### Task brief
The material below should be copied line for line, please, with pictures omitted.

### Data below
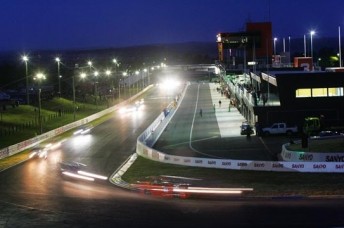 thumb The opening laps of the 2009 Bathurst 12 Hour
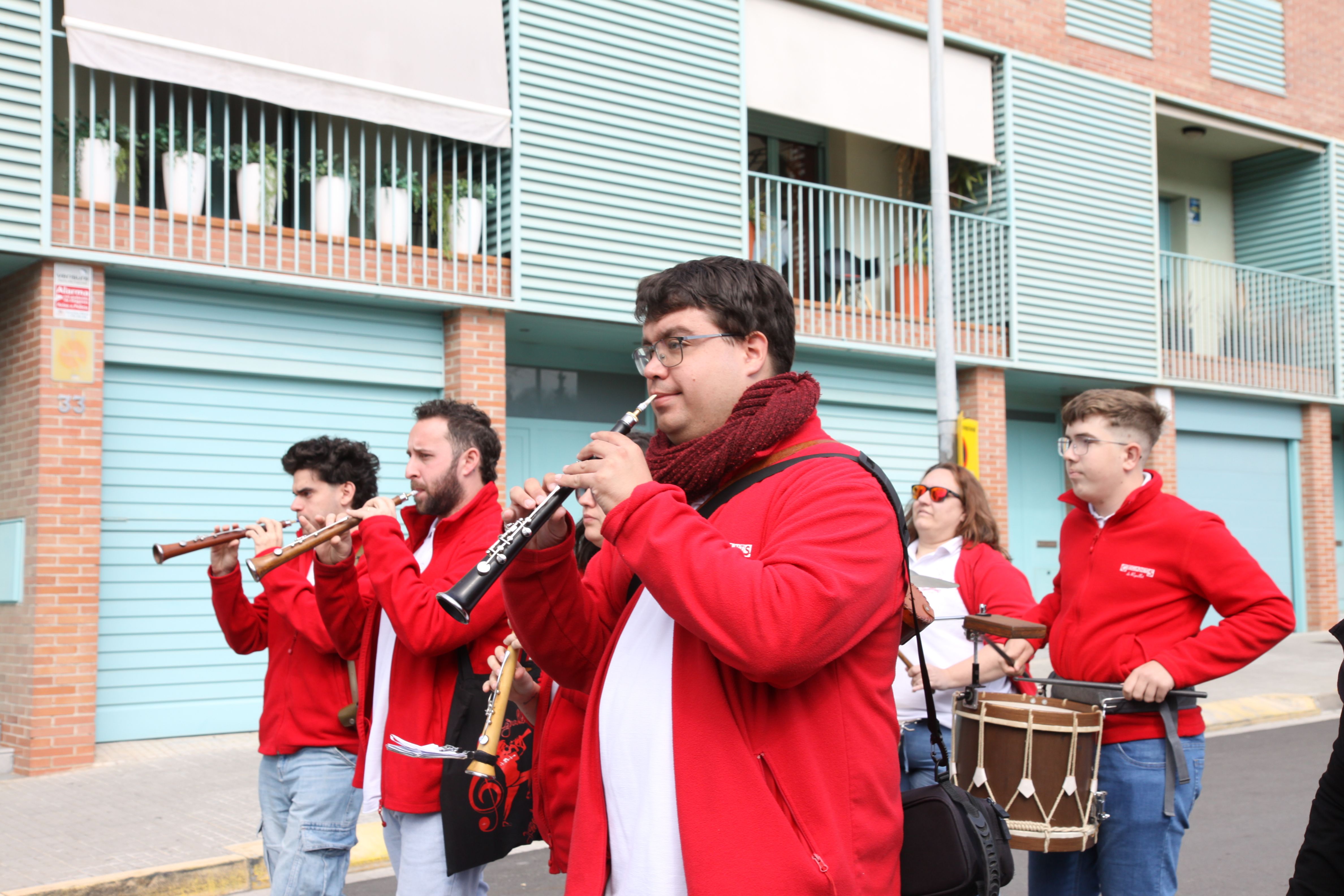Els gegants també han sortit a ballar. Foto: Laia Jubany
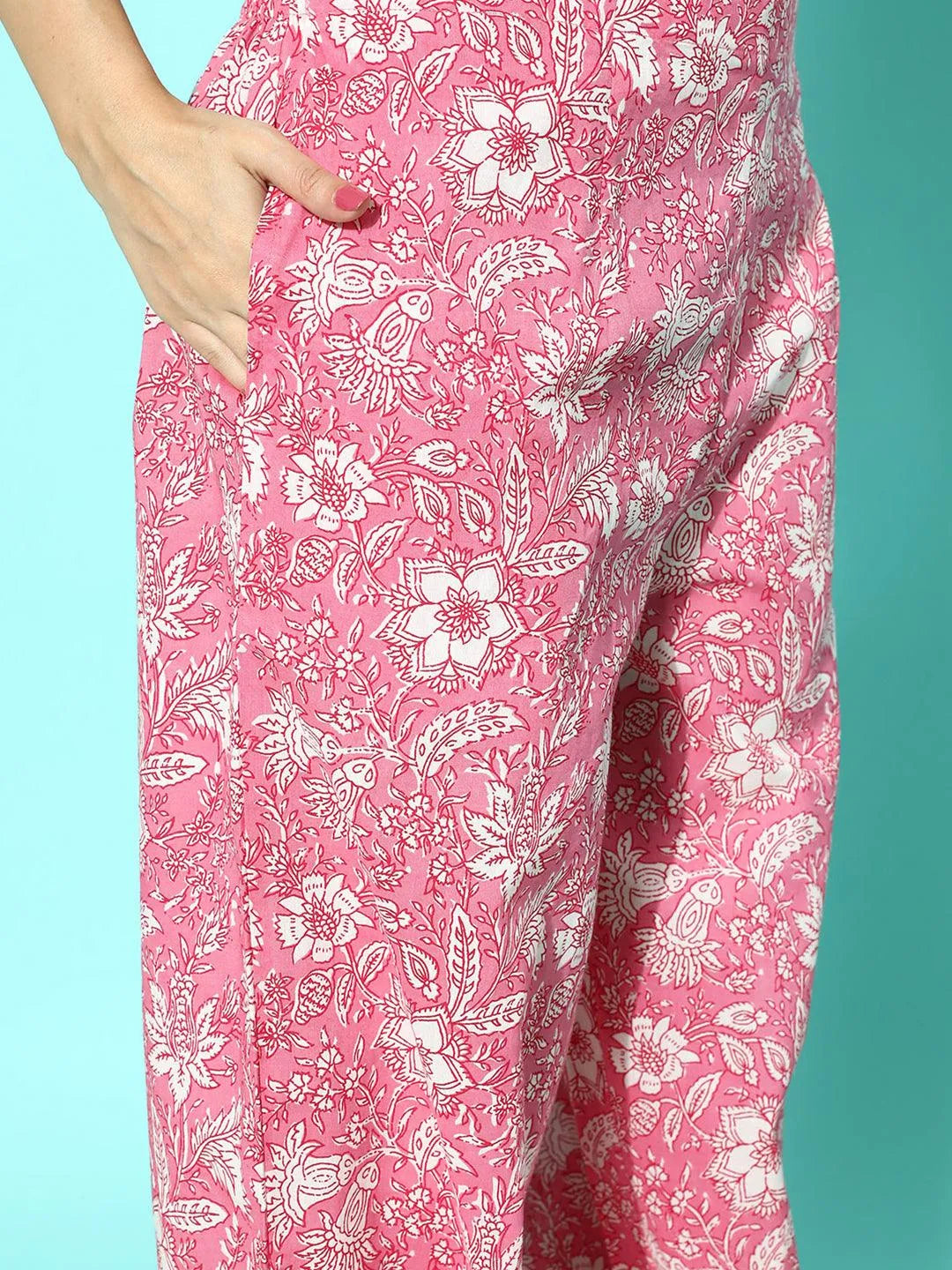 https://cdn.shopify.com/s/files/1/0341/4805/7228/files/pink-printed-cotton-night-suit-libas-8.jpg?v=1738930628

### Output for this task
 thumb The opening laps of the 2009 Bathurst 12 Hour
Els gegants també han sortit a ballar. Foto: Laia Jubany
 https://cdn.shopify.com/s/files/1/0341/4805/7228/files/pink-printed-cotton-night-suit-libas-8.jpg?v=1738930628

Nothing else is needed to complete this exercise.